1.1 ReplicaFetcherManager

每个Broker启动后,会创建 ReplicaManager ,而ReplicaManager在实例化过程中,内部会创建一个名为 ReplicaFetcherManager 的对象:

    // ReplicaManager.scala
    
    class ReplicaManager(val config: KafkaConfig,
                         metrics: Metrics,
                         time: Time,
                         val zkUtils: ZkUtils,
                         scheduler: Scheduler,
                         val logManager: LogManager,
                         val isShuttingDown: AtomicBoolean,
                         quotaManager: ReplicationQuotaManager,
                         threadNamePrefix: Option[String] = None) extends Logging with KafkaMetricsGroup {
      val replicaFetcherManager = new ReplicaFetcherManager(config, this, metrics, time, threadNamePrefix,
                                                            quotaManager)
      //...
    }

ReplicaFetcherManager本身非常简单,它是 AbstractFetcherManager 的子类,可以创建 副本同步线程 ,向Leader分区所在的Broker拉取数据进行同步:

    // ReplicaFetcherManager.scala
    
    class ReplicaFetcherManager(brokerConfig: KafkaConfig, replicaMgr: ReplicaManager, metrics: Metrics, time: Time, threadNamePrefix: Option[String] = None, quotaManager: ReplicationQuotaManager)
          extends AbstractFetcherManager("ReplicaFetcherManager on broker " + brokerConfig.brokerId,
            "Replica", brokerConfig.numReplicaFetchers) {
      override def createFetcherThread(fetcherId: Int, sourceBroker: BrokerEndPoint): AbstractFetcherThread = {
        val threadName = threadNamePrefix match {
          case None =>
            "ReplicaFetcherThread-%d-%d".format(fetcherId, sourceBroker.id)
          case Some(p) =>
            "%s:ReplicaFetcherThread-%d-%d".format(p, fetcherId, sourceBroker.id)
        }
        // 创建副本同步线程
        new ReplicaFetcherThread(threadName, fetcherId, sourceBroker, brokerConfig,
          replicaMgr, metrics, time, quotaManager)
      }
      //...
    }

我们重点关注下ReplicaFetcherManager的父类AbstractFetcherManager,它的内部保存了一个fetcherThreadMap,以Borker为维度。什么意思呢?

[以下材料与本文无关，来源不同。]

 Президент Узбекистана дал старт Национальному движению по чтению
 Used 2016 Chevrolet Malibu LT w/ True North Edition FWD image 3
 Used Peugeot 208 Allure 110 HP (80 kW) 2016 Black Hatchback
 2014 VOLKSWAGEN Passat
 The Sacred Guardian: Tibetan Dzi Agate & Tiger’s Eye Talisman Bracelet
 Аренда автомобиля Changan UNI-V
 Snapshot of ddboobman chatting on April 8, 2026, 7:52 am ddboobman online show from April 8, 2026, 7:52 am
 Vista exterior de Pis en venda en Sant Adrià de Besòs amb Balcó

就是说,ReplicaFetcherManager最终会遍历当前Broker上的所有Follower分区,把那些Leader分区在同一个Broker节点上的Follower分区归为一类,并为它们创建一个ReplicaFetcherThread线程。这样一来,一个ReplicaFetcherThread线程就负责为一批Follower分区向同一个Broker节点同步消息,节省了网络开销:

    abstract class AbstractFetcherManager(protected val name: String, clientId: String, numFetchers: Int = 1)
      extends Logging with KafkaMetricsGroup {
      // fetcher线程集合
      private val fetcherThreadMap = new mutable.HashMap[BrokerAndFetcherId, AbstractFetcherThread]
    
      // 为Leader分区在同一个Broker上的所有Follower分区创建一个fetcher线程
      def addFetcherForPartitions(partitionAndOffsets: Map[TopicPartition, BrokerAndInitialOffset]) {
          mapLock synchronized {
            val partitionsPerFetcher = partitionAndOffsets.groupBy { case(topicPartition, brokerAndInitialOffset) =>
              BrokerAndFetcherId(brokerAndInitialOffset.broker, getFetcherId(topicPartition.topic, topicPartition.partition))}
            for ((brokerAndFetcherId, partitionAndOffsets) <- partitionsPerFetcher) {
              var fetcherThread: AbstractFetcherThread = null
              fetcherThreadMap.get(brokerAndFetcherId) match {
                case Some(f) => fetcherThread = f
                case None =>
                  fetcherThread = createFetcherThread(brokerAndFetcherId.fetcherId, brokerAndFetcherId.broker)
                  // 按照Broker维度,缓存线程
                  fetcherThreadMap.put(brokerAndFetcherId, fetcherThread)
                  // 启动线程
                  fetcherThread.start
              }
    
              fetcherThreadMap(brokerAndFetcherId).addPartitions(partitionAndOffsets.map { case (tp, brokerAndInitOffset) =>
                tp -> brokerAndInitOffset.initOffset
              })
            }
          }
        }
    }

1.2 ReplicaFetcherThread

再来看下ReplicaFetcherThread这个副本同步线程,它继承自AbstractFetcherThread,很多处理流程直接委托给父类完成:

    // ReplicaFetcherThread.scala
    
    class ReplicaFetcherThread(name: String,
                               fetcherId: Int,
                               sourceBroker: BrokerEndPoint,
                               brokerConfig: KafkaConfig,
                               replicaMgr: ReplicaManager,
                               metrics: Metrics,
                               time: Time,
                               quota: ReplicationQuotaManager)
      extends AbstractFetcherThread(name = name,
                                    clientId = name,
                                    sourceBroker = sourceBroker,
                                    fetchBackOffMs = brokerConfig.replicaFetchBackoffMs,
                                    isInterruptible = false) {
    
        override def run(): Unit = {
          info("Starting ")
          try{
            while(isRunning.get()){
              // 调用父类方法,完成副本数据同步
              doWork()
            }
          } catch{
            case e: Throwable =>
              if(isRunning.get())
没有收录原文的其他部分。